Americans begin to question the nation's rush across the continent that has devastated forests and ravaged animals. Conservation's greatest champion is Theodore Roosevelt, who sets aside 800,000 acres of the Grand Canyon.
Stephen Mather accepts the offer to oversee the national parks for one year. He launches a campaign to publicize the parks as a unified system and to persuade Congress to create a single agency to oversee it: the National Park Service.
Mather and Albright ally themselves with the automobile to "democratize" the national parks. Horace Kephart and George Masa launch a campaign to save the forests of the Smoky Mountains from destruction by establishing a national park.
Franklin D. Roosevelt enters battles to create national parks on the Olympic Peninsula, Florida's Everglades, and California's High Sierra. George Melendez Wright begins arguing that the parks are not doing enough to protect wildlife.
After World War II, an increasingly mobile nation visits the parks as never before. When Jimmy Carter sets aside 56 million acres in Alaska-the largest grassroots movement in conservation history fights for the creation of seven new parks.
Ken Burns and Dayton Duncan discuss the significance of the project and briefly touch on some of the dedicated heroes who made it their mission to fight for the preservation of certain areas around of the country. The segment technically acts as a preview for the series by splicing in a handful of excerpts from the episodes. Optional Spanish audio and subtitles are available.

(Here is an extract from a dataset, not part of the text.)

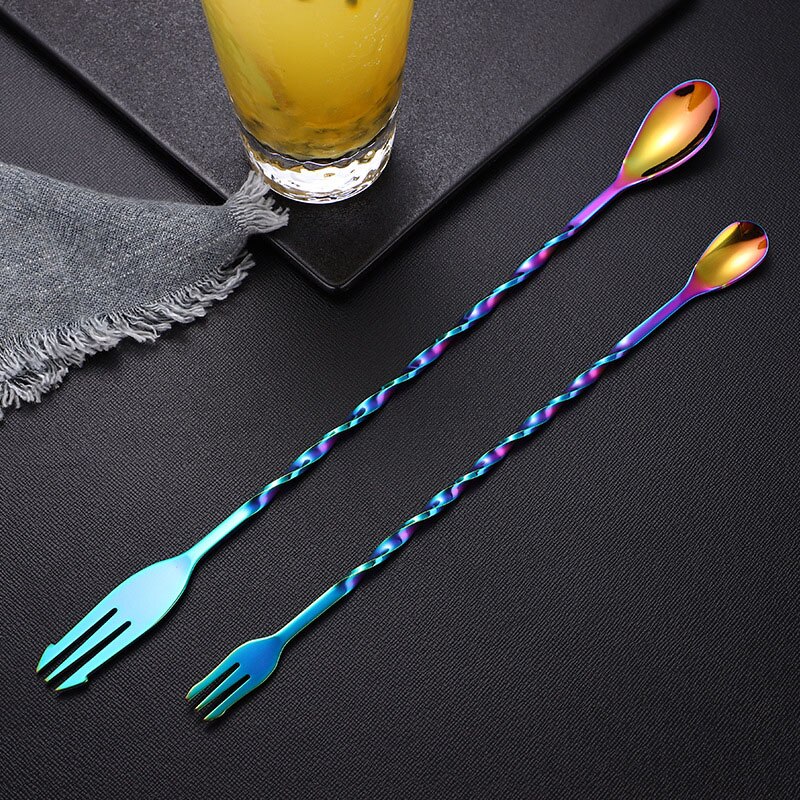 Newly Double-end Stainless Steel Mixer Bar Cocktail Short/Long Stirring Mixing Twist Spoon for Home Restaurant TE889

Footage of Ken Burns, Dayton Duncan, the crew and their families trekking out in the field to gather footage at a variety of National Parks.
A collection of six themed montages of park footage set to instrumental music: 'National Parks Timeline,' 'Peace At Last/Across the Ocean,' 'Horizons,' 'Green Groves of Erin,' 'The Shores of Ogygia,' and 'Teddy Bears Picnic.'
A pair of additional sequences that didn't make it into the final documentary: 'An Interview with Nevada Barr' and 'The Boss.'
A shorter documentary in the same style as the main feature, only this one is narrated by Ken Burns. The feature expands on a handful of the interviews, but a fair bit of the content is recycled so it isn't really essential viewing. This inclusion also has optional Spanish audio and subtitles.
An assortment of park related and self explanatory mini-featurettes: 'San Antonio Missions: Keeping History Alive,' 'Yosemite's Buffalo Soldiers,' 'Mount Rushmore: Telling America's Stories,' 'Manzanar: Never Again,' and 'City Kids in National Parks.' Optional Spanish audio and subtitles are provided for these as well.